ENTRIES SHOWN -
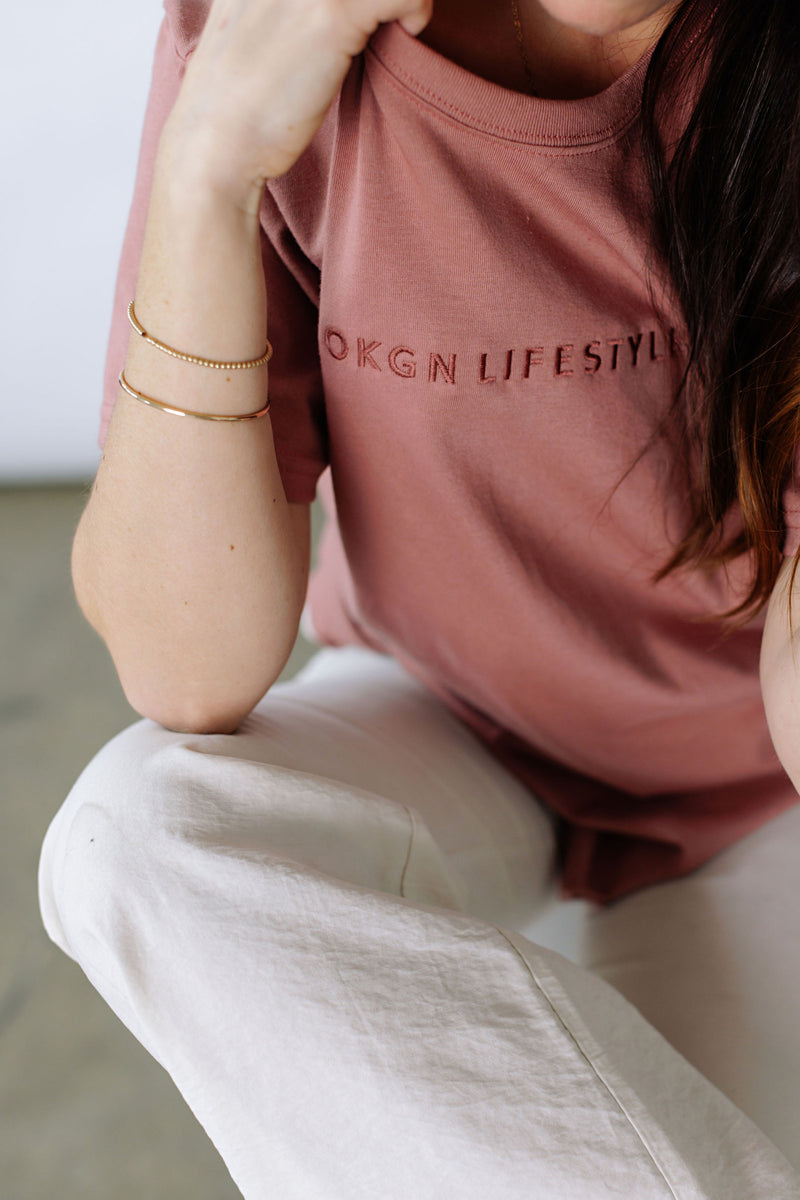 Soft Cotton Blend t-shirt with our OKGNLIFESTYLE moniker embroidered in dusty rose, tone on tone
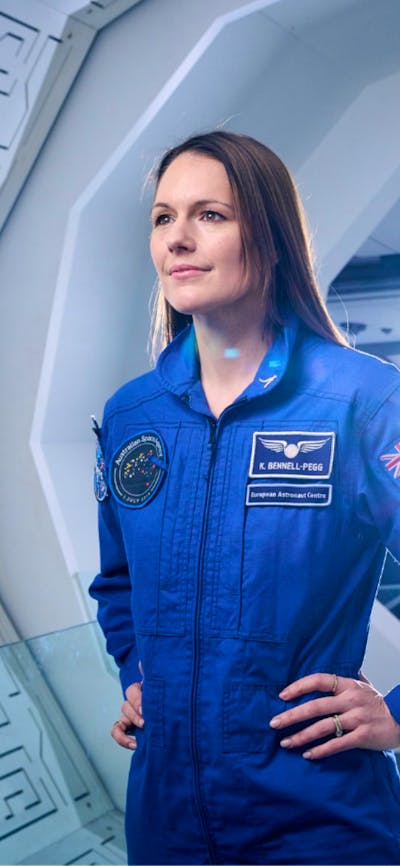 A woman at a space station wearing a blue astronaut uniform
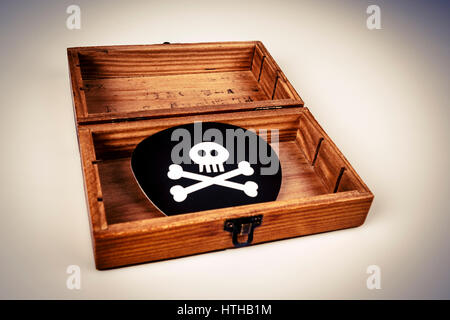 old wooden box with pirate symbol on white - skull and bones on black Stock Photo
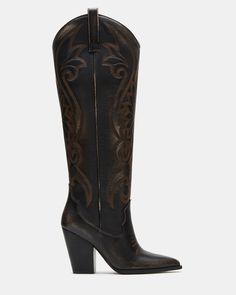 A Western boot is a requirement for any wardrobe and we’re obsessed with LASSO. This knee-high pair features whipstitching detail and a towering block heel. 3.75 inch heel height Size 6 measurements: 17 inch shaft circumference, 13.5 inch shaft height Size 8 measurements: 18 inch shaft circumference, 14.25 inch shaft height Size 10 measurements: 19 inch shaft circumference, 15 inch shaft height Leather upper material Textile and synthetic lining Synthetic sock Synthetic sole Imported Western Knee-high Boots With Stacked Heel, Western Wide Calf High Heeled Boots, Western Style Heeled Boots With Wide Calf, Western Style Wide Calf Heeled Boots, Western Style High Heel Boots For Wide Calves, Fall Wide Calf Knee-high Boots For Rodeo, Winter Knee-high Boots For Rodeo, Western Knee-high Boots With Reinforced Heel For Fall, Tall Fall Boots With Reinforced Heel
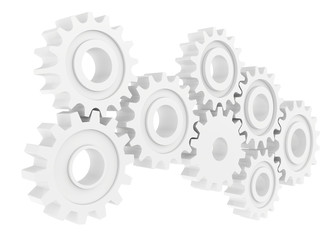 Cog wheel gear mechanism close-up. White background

INSTRUCTIONS FOR THE TASK - Write the lines out exactly, beginning at the line that holds "A Western boot" and stopping after the last line of the entries; include no pictures.

TASK RESULT -
 A Western boot is a requirement for any wardrobe and we’re obsessed with LASSO. This knee-high pair features whipstitching detail and a towering block heel. 3.75 inch heel height Size 6 measurements: 17 inch shaft circumference, 13.5 inch shaft height Size 8 measurements: 18 inch shaft circumference, 14.25 inch shaft height Size 10 measurements: 19 inch shaft circumference, 15 inch shaft height Leather upper material Textile and synthetic lining Synthetic sock Synthetic sole Imported Western Knee-high Boots With Stacked Heel, Western Wide Calf High Heeled Boots, Western Style Heeled Boots With Wide Calf, Western Style Wide Calf Heeled Boots, Western Style High Heel Boots For Wide Calves, Fall Wide Calf Knee-high Boots For Rodeo, Winter Knee-high Boots For Rodeo, Western Knee-high Boots With Reinforced Heel For Fall, Tall Fall Boots With Reinforced Heel
 Cog wheel gear mechanism close-up. White background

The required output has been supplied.